Two senior Catholic church figures formerly from Wollongong have told the Royal Commission into Institutional Responses to Child Sexual Abuse about their experiences in dealing with the “huge problem” in the diocese in the 1990s.

Appearing during the 16th public hearing on abuse within the Catholic church, long time director of Wollongong’s Catholic welfare agency, Kath McCormack this week spoke about her experiences working with survivors and victims of child sexual assault.

Likewise, Archbishop of Adelaide Philip Wilson, who was the Bishop of Wollongong between 1997 and 2000, described how he and Ms McCormack organised a meeting to hear from victims of child sexual abuse.

Between 1993 and 1996, the Diocese had come under public criticism for its response to child sexual abuse, both from the Illawarra Mercury and in the Wood Royal Commission.

In 1997, then priest John Gerard Nestor was convicted and then acquitted of sexually assaulting a 15-year-old alter boy in Wollongong. After he was acquitted, complaints against Nestor’s conduct in regards to children continued to be made and he was laicised – or removed from the clergy – in 2008.

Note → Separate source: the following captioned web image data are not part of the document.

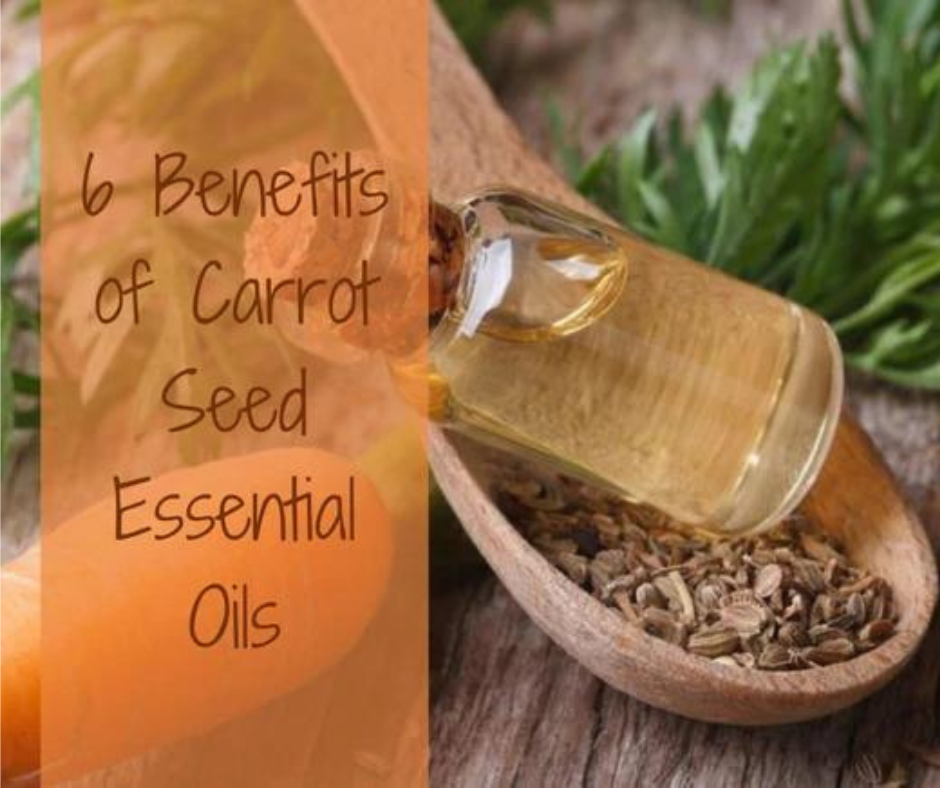 6 Benefits of Carrot Seed Essential Oils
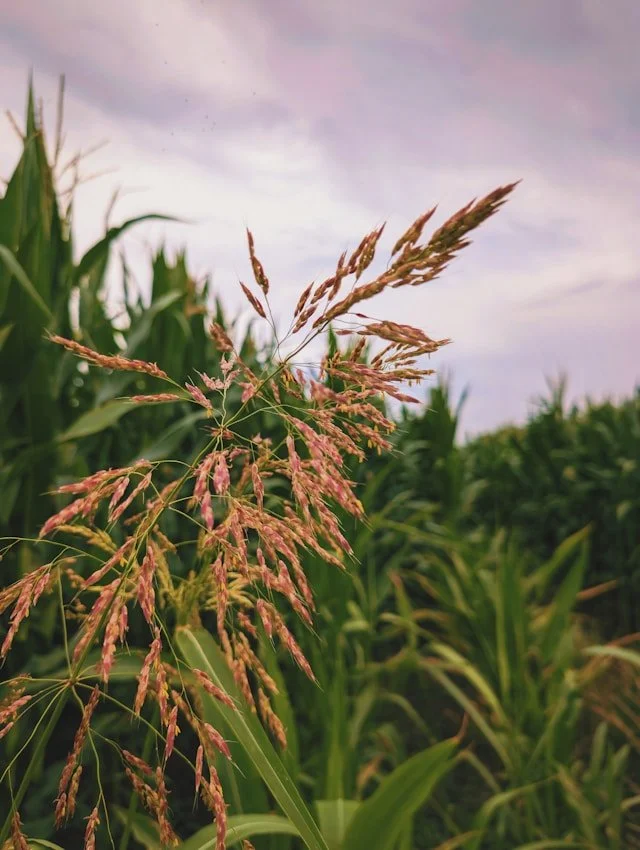 Close-up of pink and brown grass blades on a green cornfield with a cloudy sky in the background.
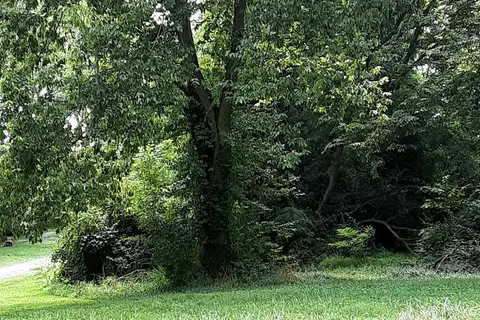Pioneer Playhouse RV campground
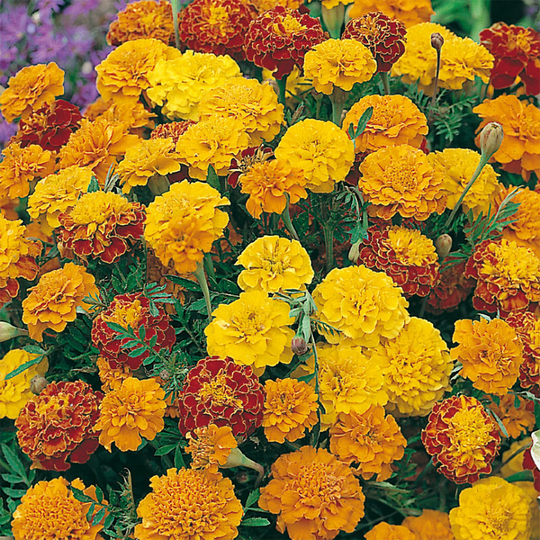 Stor tagetes 'Boy-O-Boy Mixed'
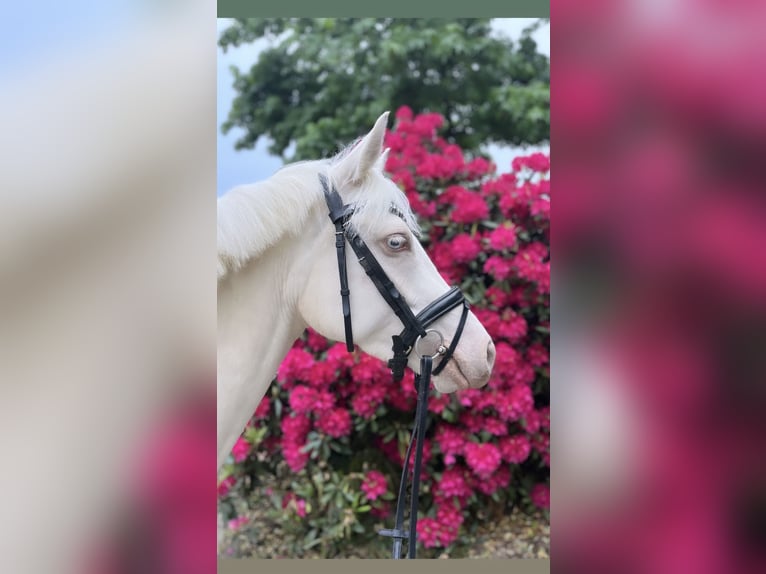 Pony tedesco Giumenta 5 Anni 145 cm Cremello in Gummersbach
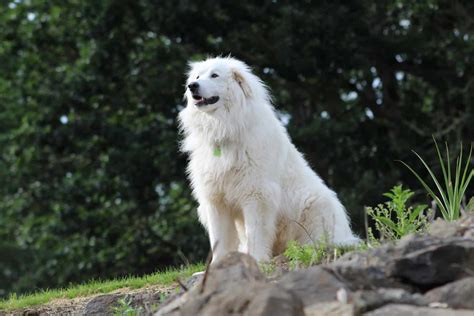 Great Pyrenees Shedding: Is There Anything You Can Do About It?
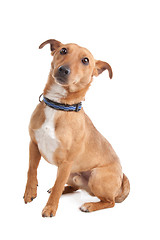 Image showing mixed breed dog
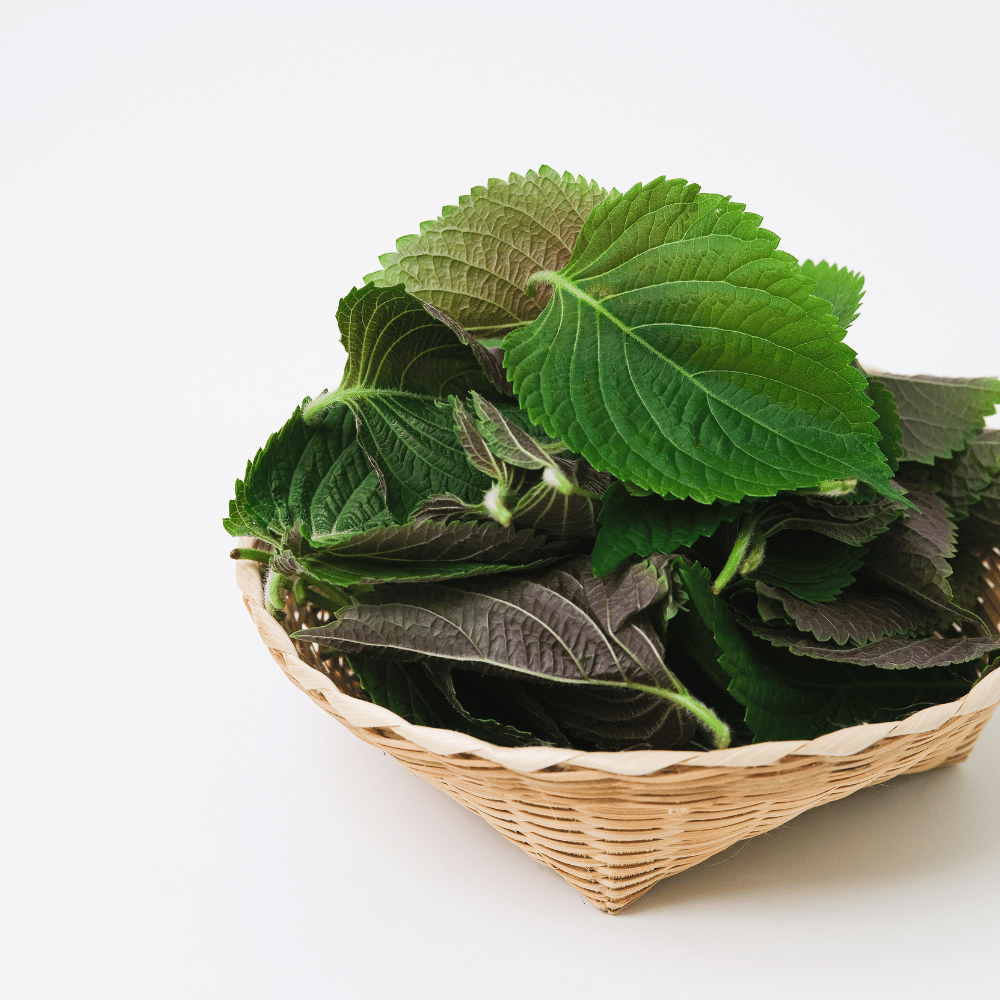 Na Nos Skoczylas 60 kapsułek – Pachnotka Zwyczajna (Perilla), Drożne Zatoki, Komfort Oddychania, Wsparcie w Alergii i Formuła Pure Clean Label — miniatura 3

“I had the good fortune, when I went to Wollongong and walked straight into a huge problem in this area, to be able to work with Kath McCormack, who at that stage was the head of Catholic Welfare in Wollongong,” Archbishop Wilson told the commission.

“In that process, she organised with me a meeting that we held quietly, so that all the victims - all the people who were survivors were able to come and talk and share with me.

“That happened on one Saturday afternoon and lasted several hours.”

In her testimony, Ms McCormack said a “professional standards resource group” set up at the time “worked extremely well” thanks to lay people – like psychologists, lawyers and community service workers – who “really helped the bishop to make good decisions and really make sure that the victims and survivors were supported”.

She also credited women within the Wollongong diocese for “doing all the work around child protection”.

Ms McCormack criticised bishops’ management of priests as being “soft-handed”, saying their pastoral approach was all about forgiveness.

“They’re not dealing with the issue. The recipient is just continuing that behaviour,” she said.

“One of my experiences is that with working with the bishops, I've been able to enable them to take some responsibility for what has happened and they've really learnt about sexual abuse of children, et cetera, but it has been the clergy who have not come with them.

“And even to this day, there would still be some priests who would not agree with what the bishop is trying to do for the care and protection in their diocese.”